Imperative for Due Diligence in Selecting Motor Carriers
Recently,an Oregon jury returned a verdict of nearly $5.2 million to the family of a man who was killed by a commercial motor vehicle. The verdict in Linhart v Heyl Logistics, LLC, No. 10-3100- ‘PA, 2012 WL 325844 (D. Or. Feb. 1, 2012) is significant because it continues the trend of claims against transportation broker on a negligent hiring theory, and it included punitive damages.
This is believed to be the first verdict in the country awarding punitive damages against a transportation broker for negligent hiring.
The recent trend of verdicts suggests that the negligent hiring theory of liability will continue to serve as a viable theory of recovery for plaintiffs. Even though trucking brokers were hit with unfavorable decisions in Schramm v. Foster (341 F. Supp. 2d 536, (D. MD. 2004), Jones v. C.H. Robinson (558 F. Supp. 2d 630 (W.D. Va. 2008)), and now Linhart, among others, a review of those circumstances give us guideans on how prudent broker will not get caught in the negligent hiring trap.
Linhart merely serves as a reminder that brokers utilizing best practices will not be the targets of these negligent hiring claims, and that liability will not follow when basic due diligence is employed.
In Heyl Logistics, it was apparent that Heyl performed no due diligence prior to hiring Washington Transportation to haul the cargo for Nestle.

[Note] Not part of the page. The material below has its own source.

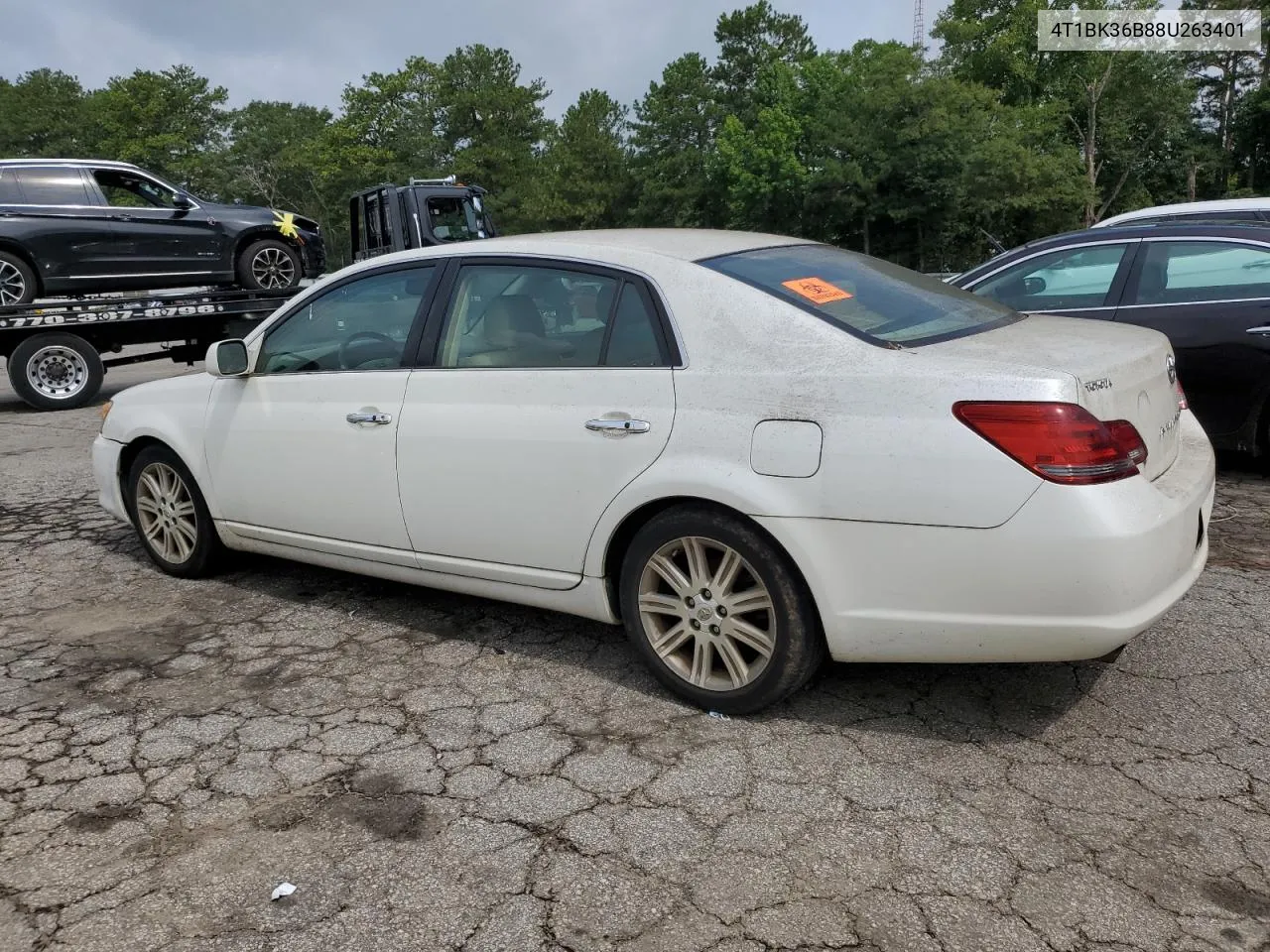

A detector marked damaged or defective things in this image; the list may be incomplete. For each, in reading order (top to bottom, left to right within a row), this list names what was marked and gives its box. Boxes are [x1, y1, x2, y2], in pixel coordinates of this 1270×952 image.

cracked asphalt [2, 360, 1270, 952]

Had even the most basic of diligence been performed, Heyl would have learned that Washington Transportation did not have insurance or other financial responsibility under Federal Motor Carrier Safety Regulations. Also, Heyl did not have Department of Transportation (DOT) operating authority because it had been revoked!
On September 25, 2006, Washington Transportation’s truck driver was coming off of a crystal methamphetamine high and falling asleep at the wheel.

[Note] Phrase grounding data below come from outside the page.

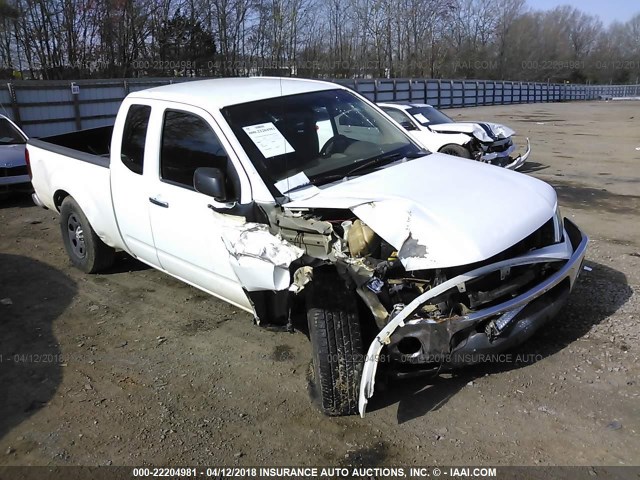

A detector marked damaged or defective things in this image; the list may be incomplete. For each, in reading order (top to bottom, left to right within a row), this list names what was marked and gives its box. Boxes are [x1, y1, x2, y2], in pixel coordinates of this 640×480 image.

crumpled hood [0, 143, 26, 168]
crumpled hood [430, 121, 516, 142]
second damaged vehicle [27, 78, 588, 416]
damaged white pickup truck [30, 78, 592, 416]
crumpled hood [282, 156, 556, 272]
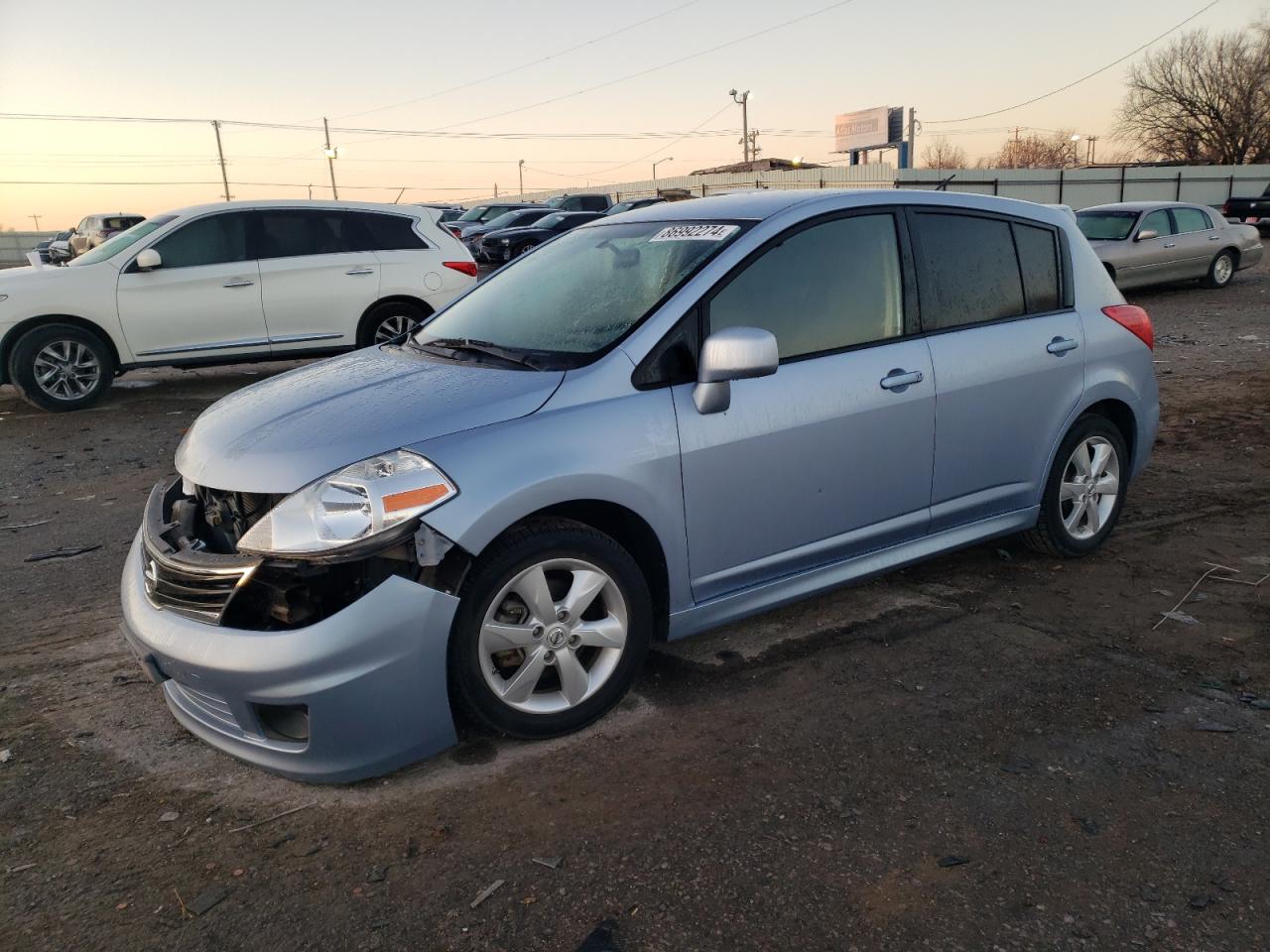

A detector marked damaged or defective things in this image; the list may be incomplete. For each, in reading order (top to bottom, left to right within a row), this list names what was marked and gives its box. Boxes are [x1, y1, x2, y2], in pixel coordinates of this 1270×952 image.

damaged front bumper [116, 477, 464, 781]
exposed headlight assembly [238, 451, 456, 558]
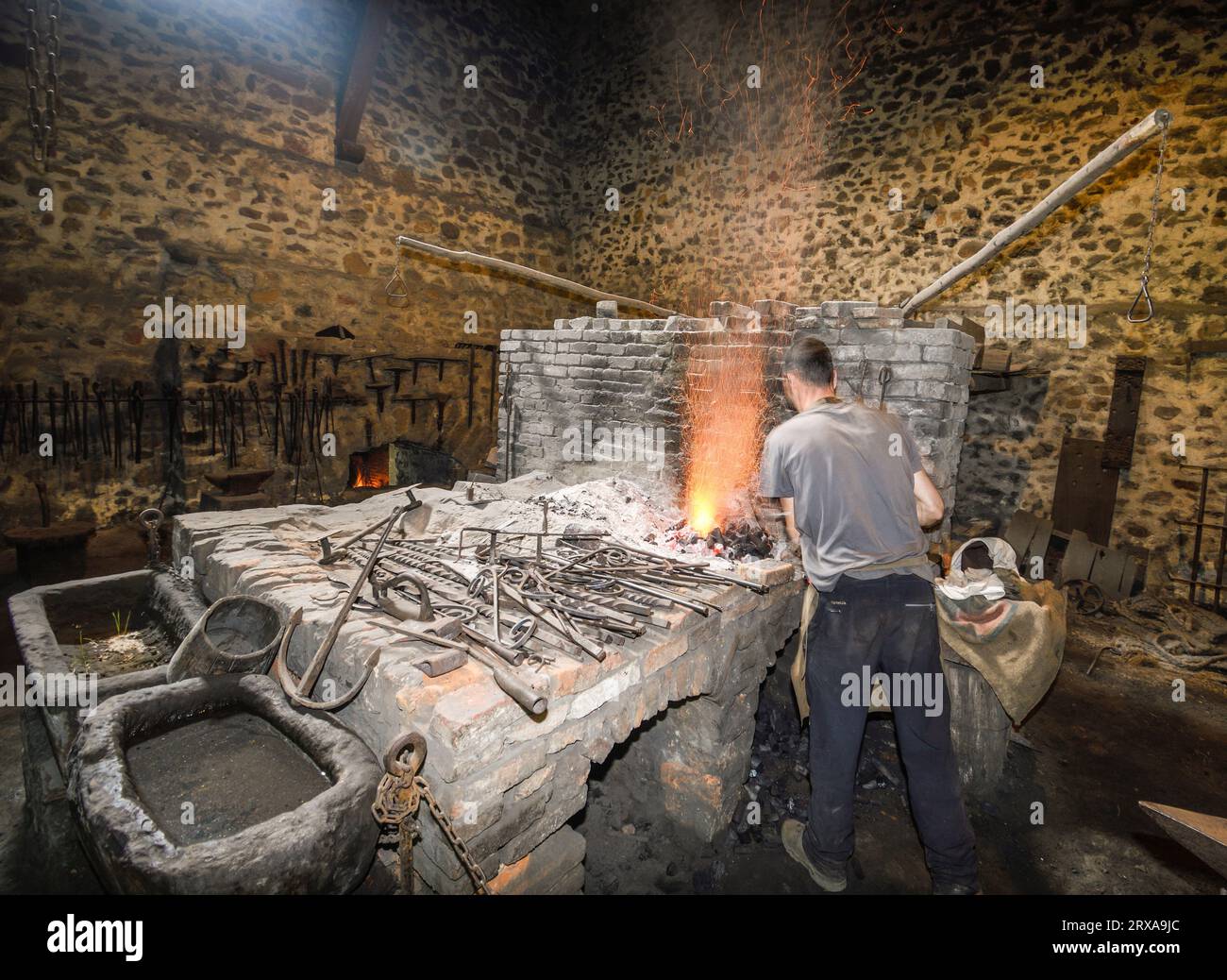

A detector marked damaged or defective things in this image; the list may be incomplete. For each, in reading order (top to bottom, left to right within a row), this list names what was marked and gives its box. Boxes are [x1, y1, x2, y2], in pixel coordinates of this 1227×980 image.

rusty chain on floor [370, 727, 491, 899]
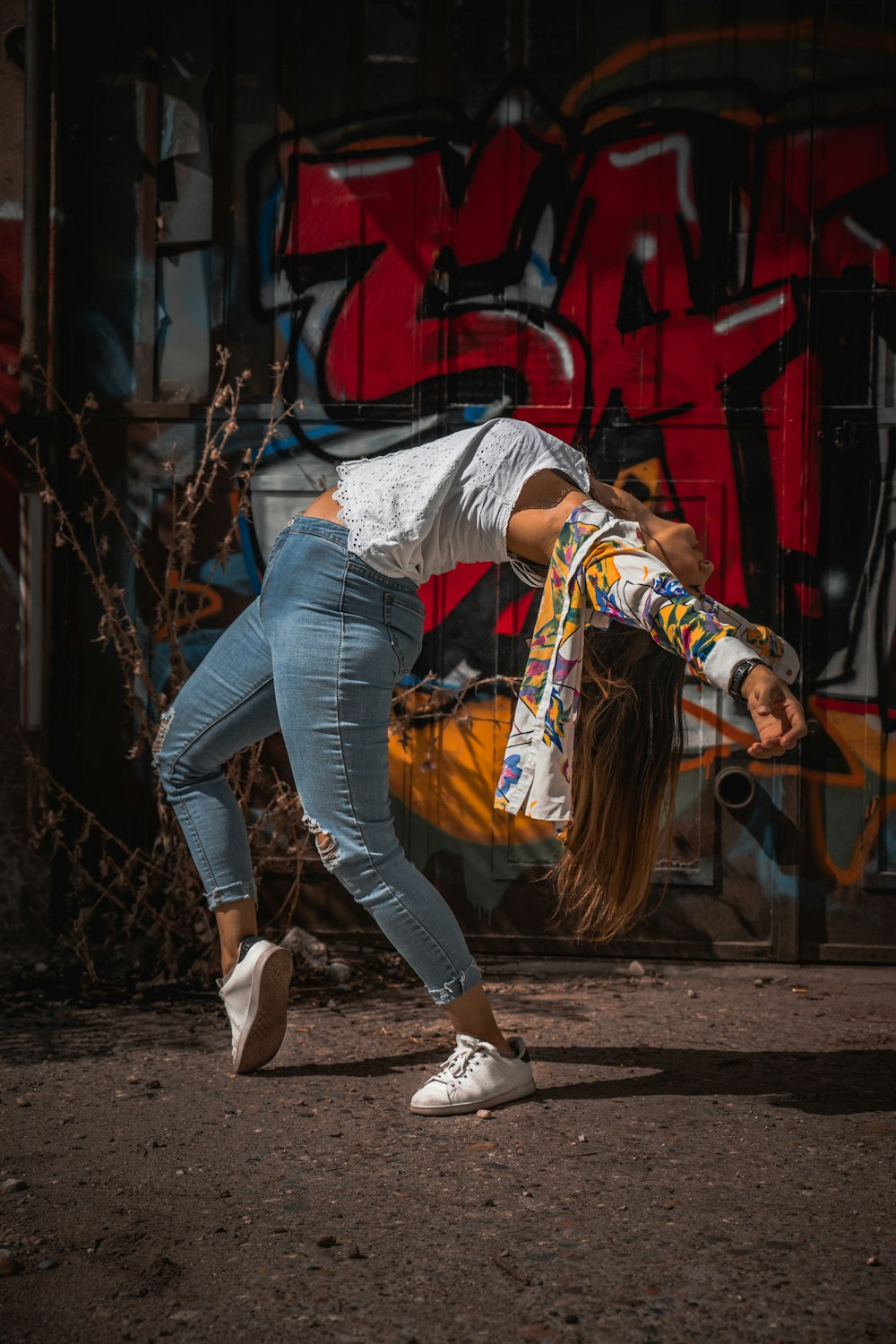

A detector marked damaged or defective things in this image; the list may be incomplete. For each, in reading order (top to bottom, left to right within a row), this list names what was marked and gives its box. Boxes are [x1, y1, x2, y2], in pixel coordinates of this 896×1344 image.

rusty metal panel [47, 2, 896, 968]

Accepting the premise that even the slightest due diligence would have revealed the major violations described above, the jury returned a verdict of $5.2 million, which included punitive damages. The jury sent a clear message that a broker has duty to the motoring public to ensure that basic qualification required by the FMCSR.
Any broker who paid attention to the Schramn decision and cases that followed was already aware of this principle so don’t overreact to the Linhart decision. Just be wise.
The broker should take appropriate measures to ensure that:
the motor carrier is carrying adequate insurance in compliance with FMCSR Part 387;
the motor carrier has valid operating authority;
no predecessor companies had their authority revoked;
keep a file on each motor carrier it hires, maintaining within that file updated information about the motor carrier’s insurance (personal injury, property damage and cargo coverage), operating authority and scores for the carrier in the seven behavior analysis and safety improvement categories under the Federal Motor Carrier Safety Administration’s 2010 Compliance, Safety, and Accountability program;
the broker-motor carrier agreement should include a requirement that the motor carrier inform the broker as soon as practicable when the status of their financial responsibility compliance, or operating authority changes.